Garlic involves some labor at the begining in the planting.  During the growing season, you pull the occasional weed, and you turn on the soaker hose consistently.  It's pretty care free as it has no predators.  I keep a cage on it anyway so the deer don't bed down in it.  Then at the end you dig it out and put it in drying racks for 3 weeks, trim the stems down, dry for 3 more weeks, and then box up and put in a cool, dark place to store.  I spend maybe 2 hours total, so selling 6 bags of garlic would be more than enough to pay me back for my time, plus I get a lot of garlic out of it, too, for my family.

It's time to turn the onions over, too.  They need to be trimmed down the rest of the way and dried out for 3 more weeks.  And it is time to start digging up the potatoes.  Most of the plants are completely dead.  The rest can go another week.

DH is going salmon fishing.  Apparently they can only get 2 each, which sucks.  In Alaska they get to bring home 6 fish each on each type of salmon and some they can bring home 25 to 30 per household.  Then B.C. gets a ton.  No wonder there's no fish by the time it reaches Washington.  I'm okay with the tribes getting their share, they deserve that above anyone else, it's all the other folks getting tons and tons with crazy high limits that bugs me, while we have dinky ones.
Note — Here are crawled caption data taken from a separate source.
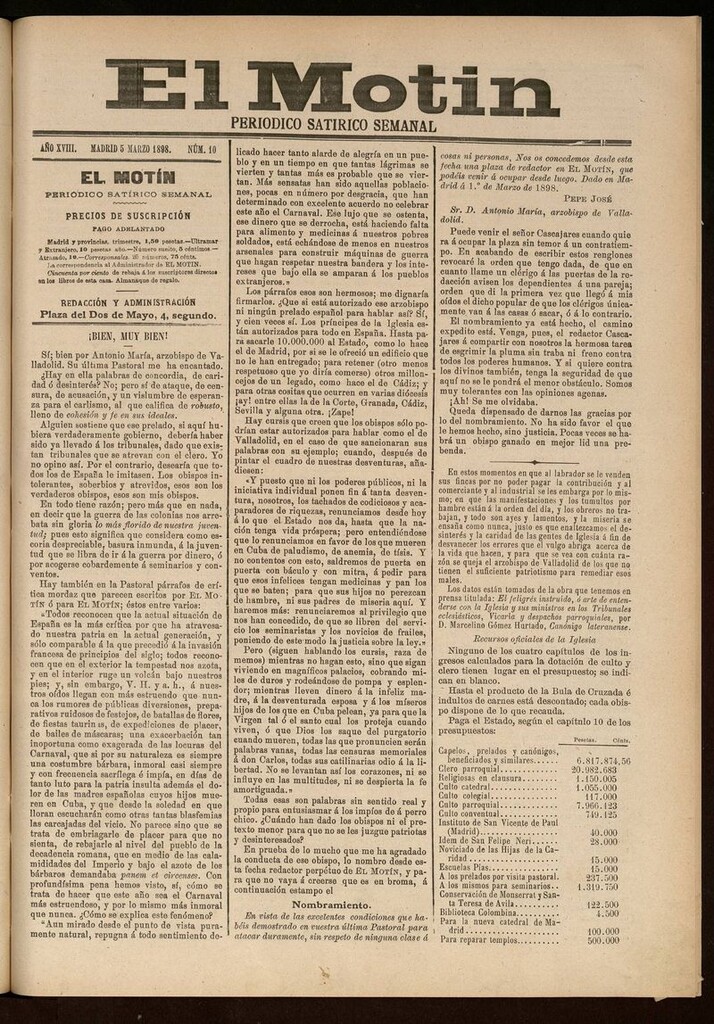 Miniatura de El Motín: periódico satírico semanal 5 de Marzo de 1898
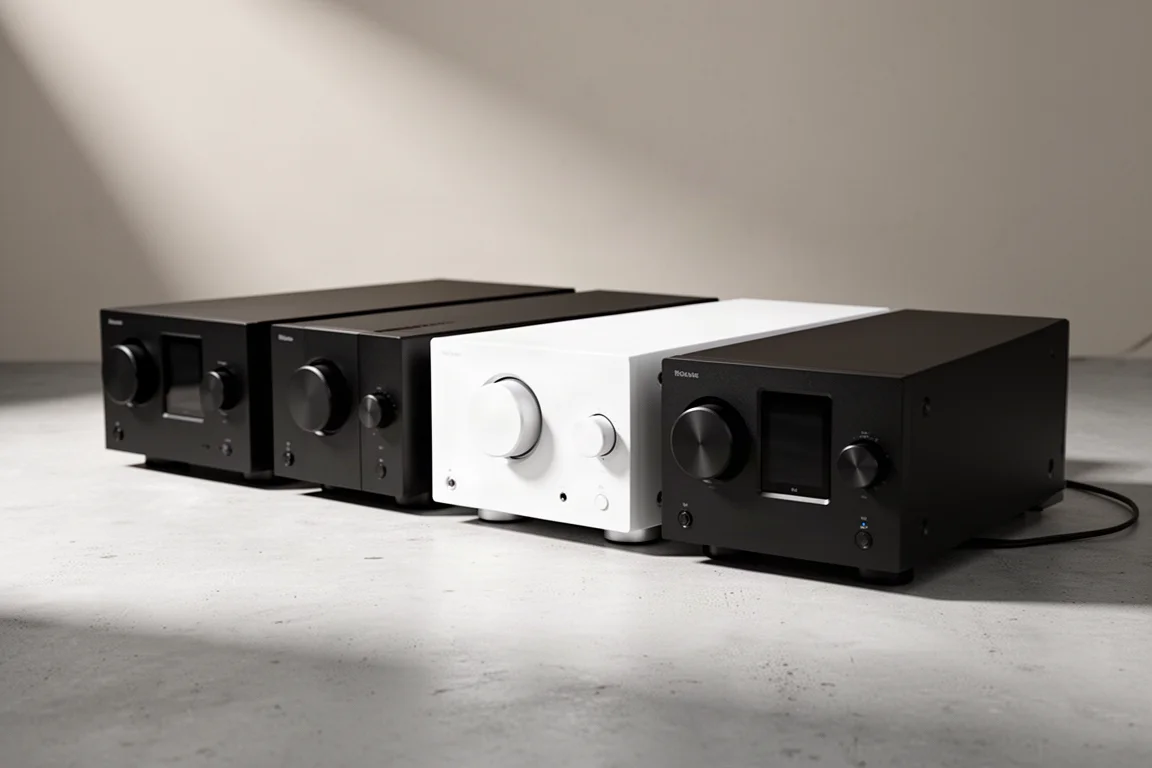 Five JBL MA series AV receivers in black and white finishes arranged on a concrete surface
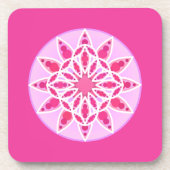 Mandala Pattern in Pink, Fuchsia and White Bier Onderzetter (Voorkant)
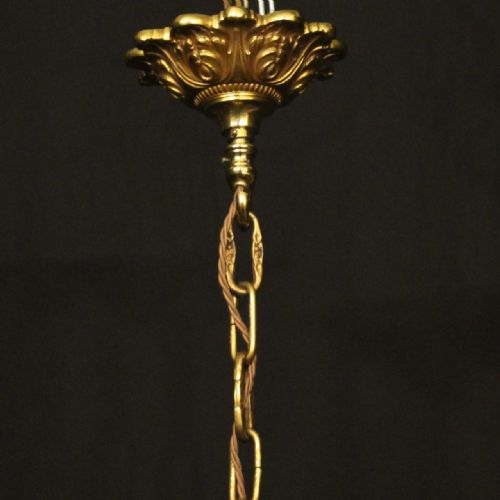 FRENCH GILDED BRONZE 6 LIGHT CHANDELIER - ADDITIONAL PHOTO 9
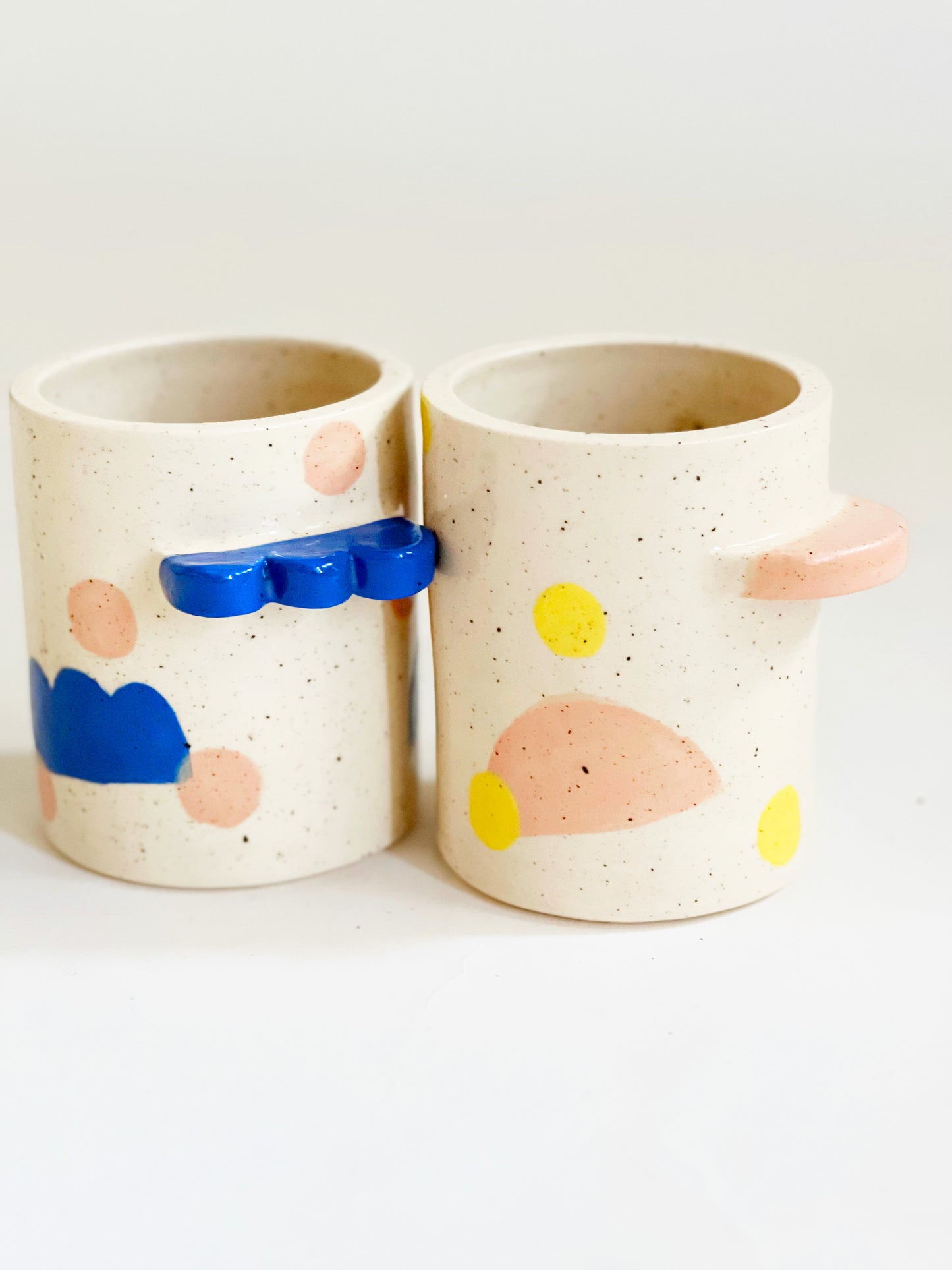 Shaped Handle Pattern Mug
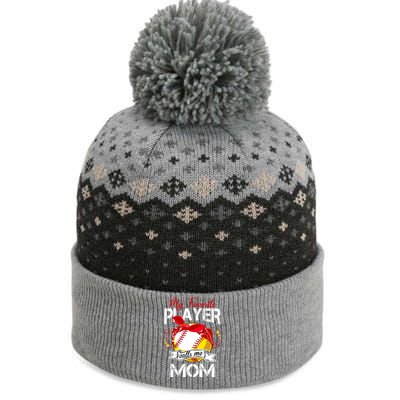 My Favorite Player Calls Me Mom Cute Baseball Softball Gift The Baniff Cuffed Pom Beanie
It used to be worth the gas money to go out when gas was cheap, but it isn't really anymore, especially with only 3 of them going out to split the cost.  And that's assuming they catch any fish.  Otherwise, I'd just as soon go to the grocery store and buy 2 whole wild caught coho salmon.  It'd cost less, unless they come home with monsters.  I'd be tempted to get a fishing license and go out so we could get two more fish, but again, we could just buy a fish with the cost of the license.  This is probably the last trip of the season, too.

Mom wants to do a dump run on Sunday.  Well, she wanted to do it on Saturday, but fishing.  She's probably going to pout about it for the rest of the week that it isn't on the day she wanted, and then forget what day of the week it actually is, think it is Sunday on Saturday (happens a lot on the weekend), stomp around and have a martyr complex that slips into an "Oh, woe is me," thing, until someone reminds her it isn't Sunday and she'll snap out of it like she wasn't behaving that way at all and not apologize to anyone for acting that way.  Gotta love dementia.  Monday through Thursday are generally pretty good, though.
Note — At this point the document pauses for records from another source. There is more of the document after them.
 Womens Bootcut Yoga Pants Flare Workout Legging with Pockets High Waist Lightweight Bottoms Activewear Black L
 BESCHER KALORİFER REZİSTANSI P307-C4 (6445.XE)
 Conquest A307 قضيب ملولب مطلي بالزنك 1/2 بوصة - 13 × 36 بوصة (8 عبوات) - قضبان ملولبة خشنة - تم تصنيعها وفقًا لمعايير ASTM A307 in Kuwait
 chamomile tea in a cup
I picked another 2 pounds of tomatoes yesterday.  It was mostly the little yellow pear ones.  I need to wash, destem, quarter, and roast tomatoes, so I can make roasted tomato ketchup.  I saw a lady make it on youtube and it looks so good.  I might have enough yellow tomatoes to make one jar of just yellow ketchup.  That would be interesting.  I love making roasted tomato spaghetti sauce, so I can't imagine this wouldn't be good, too.

I got my first purple green beans yesterday.  They grow purple, but turn green when cooked.  It's about 2 quarts.  It's not enough to run the canner, but considering the way this summer went, I am grateful to have gotten any.  The canner instructions say to run it with 4 jars, and I don't want to do pints of green beans, because we eat a cup each at dinner.  But if I hold off for 2 days, there might be enough ready to do 4 quarts.  There were some that were almost ready and there were some that could be ready since I gave them a good soaking and we are back to weather in the mid-seventies again.  Or I could just run them with pints of carrots, since carrot pints and green bean quarts run for the same amount of time and I am almost out of carrot pints.  Then I could do a full canner load and I can do that again when I have more green beans.  Two birds, one stone and food on the shelf.  Perfect.

I would have canned it with the ketchup, but that is waterbath canning and the other is pressure canning and they take different times.  Food safety first and foremost.  I really hope the ketchup turns out well.  I'd hate to waste all those tomatoes.

 

1 Responses to “Selling Garlic and Salmon Fishing”

  1. rob62521 Says:
    1664149169

    Good plan on the garlic and hopefully getting enough to plant and also sell.

    That's cool about your purple green beans turning green when they cook. Does the water turn purple when you cook them?